Weapons of math destruction tend to hurt vulnerable people most. They might build on existing biases – for example, assuming you’re more likely to reoffend because you’re black or you’re more likely to have car accidents if your credit rating is bad. Errors in the model might have starker consequences for people without a social safety net. Some people may find it harder than others to question or challenge the assumptions a model makes about them.

Unfortunately, although O’Neil tells us how bad data modelling can lead to weapons of math destruction, it doesn’t tell us much about how we can manage these weapons once they’ve been created.

Better data decisions

We need more ways to help data scientists and policymakers navigate the complexities of projects involving personal data and their impact on people’s lives. Regulation has a role to play here. Data protection laws are being reviewed and updated around the world.

For example, in Australia the draft Productivity Commission report on data sharing and use recommends the introduction of new ‘consumer rights’ over their personal data. Bodies such the Office of the Information Commissioner help organisations understand if they’re treating personal data in a principled manner that promotes best practice.

Guidelines are also being produced to help organisations be more transparent and accountable in how they use data to make decisions. For instance, The Open Data Institute in the UK has developed openness principles designed to build trust in how data is stored and used. Algorithmic transparency is being contemplated as part of the EU Free Flow of Data Initiative and has become a focus of academic study in the US.

Ethics can help bridge the gap between compliance and our evolving expectations of what is fair and reasonable data usage.

However, we cannot rely on regulation alone. Legal, transparent data models can still be ‘bad’ according to O’Neil’s standards. Widely known errors in a model could still cause real harm to people if left unaddressed. An organisation’s normal processes might not be accessible or suitable for certain people – the elderly, ill and those with limited literacy – leaving them at risk. It could be a data model within a sensitive policy area, where a higher duty of care exists to ensure data models do not reflect bias. For instance, proposals to replace passports with facial recognition and fingerprint scanning would need to manage the potential for racial profiling and other issues.

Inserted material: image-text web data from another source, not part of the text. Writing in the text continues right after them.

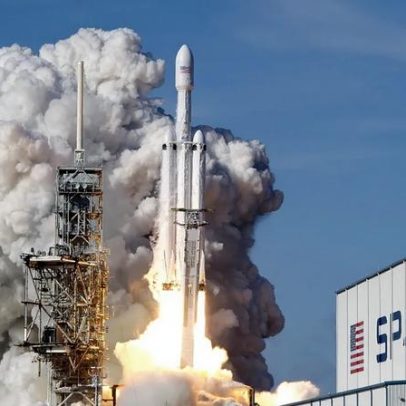 SpaceX apresenta pedido de bolsa; Musk traça caminho para bilhão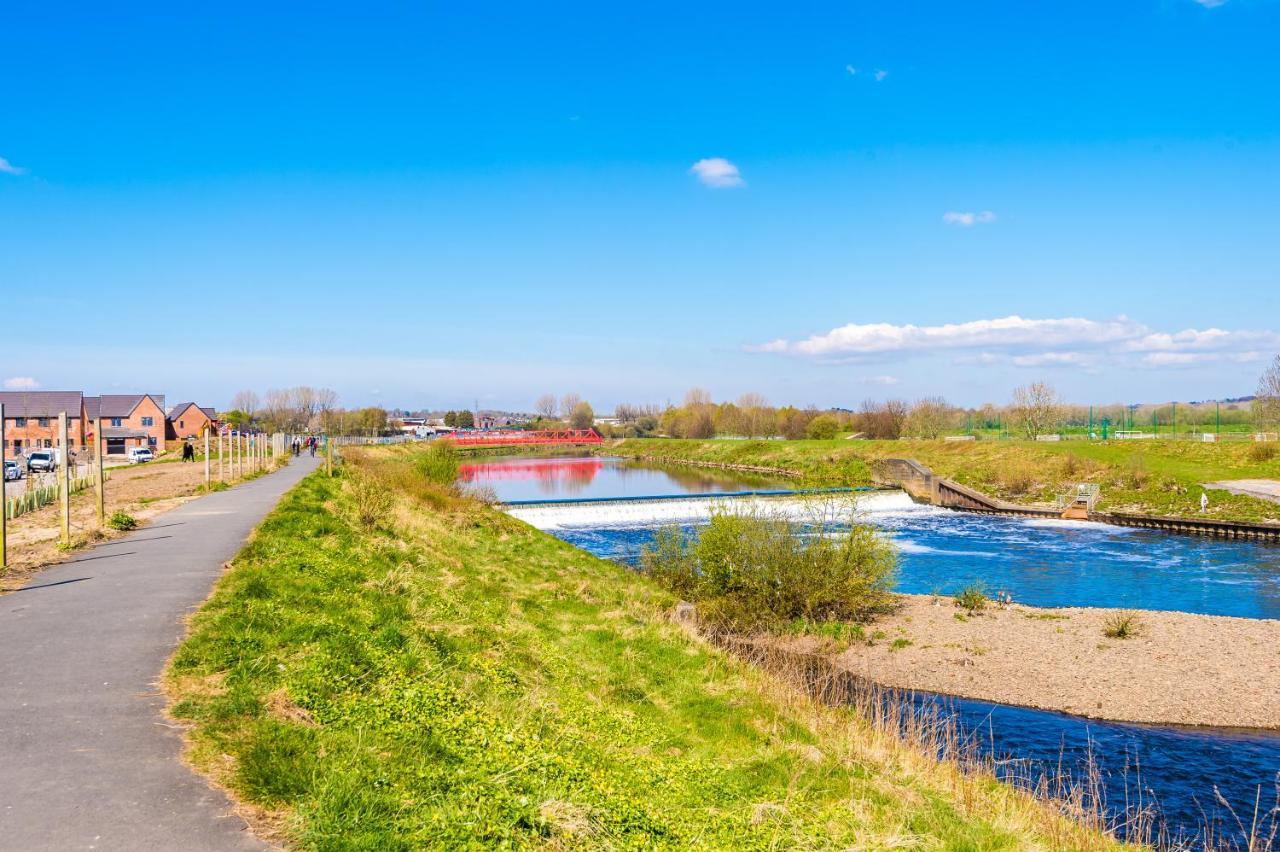 Vidale Court, 3 Bedroom House With River Irwell View, Sleeps 6 *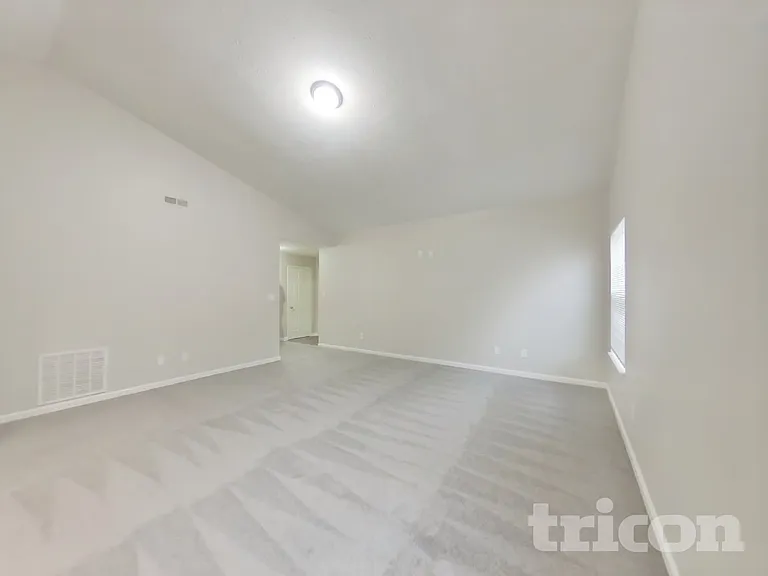 3247 Creekshore Dr — Photo 3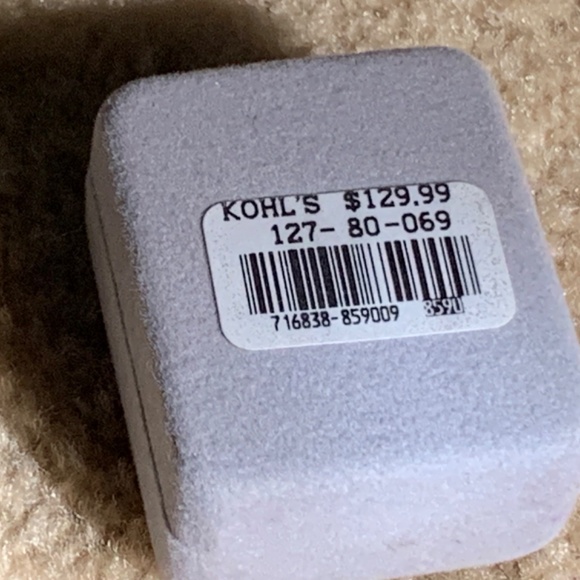 14K Gold Cross Pendant - Picture 8 of 10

Ethics can help bridge the gap between compliance and our evolving expectations of what is fair and reasonable data usage. O’Neil describes data models as “opinions put down in maths”. Taking an ethics based approach to data driven decision making helps us confront those opinions head on.

Building an ethical framework

Ethics frameworks can help us put a data model in context and assess its relative strengths and weaknesses. Ethics can bring to the forefront how people might be affected by the design choices made in the course of building a data model.

An ethics based approach to data driven decisions would start by asking questions such as:

  • Are we compliant with the relevant laws and regulation?
  • Do people understand how a decision is being made?
  • Do they have some control over how their data is used?
  • Can they appeal a decision?

However, it would also encourage data scientists to go beyond these compliance oriented questions to consider issues such as:

  • Which people will be affected by the data model?
  • Are the appeal mechanisms useful and accessible to the people who will need them most?
  • Have we taken all possible steps to ensure errors, inaccuracies and biases in our model have been removed?
  • What impact could potential errors or inaccuracies have? What is an acceptable margin of error?
  • Have we clearly defined how this model will be used and outlined its limitations? What kinds of topics would it be inappropriate to apply this modelling to?

There’s no debate right now to help us understand the parameters of reasonable and acceptable data model design. What’s considered ‘ethical’ changes as we do, as technologies evolve and new opportunities and consequences emerge.

Bringing data ethics into data science reminds us we’re human. Our data models reflect design choices we make and affect people’s lives. Although ethics can be messy and hard to pin down, we need a debate around data ethics.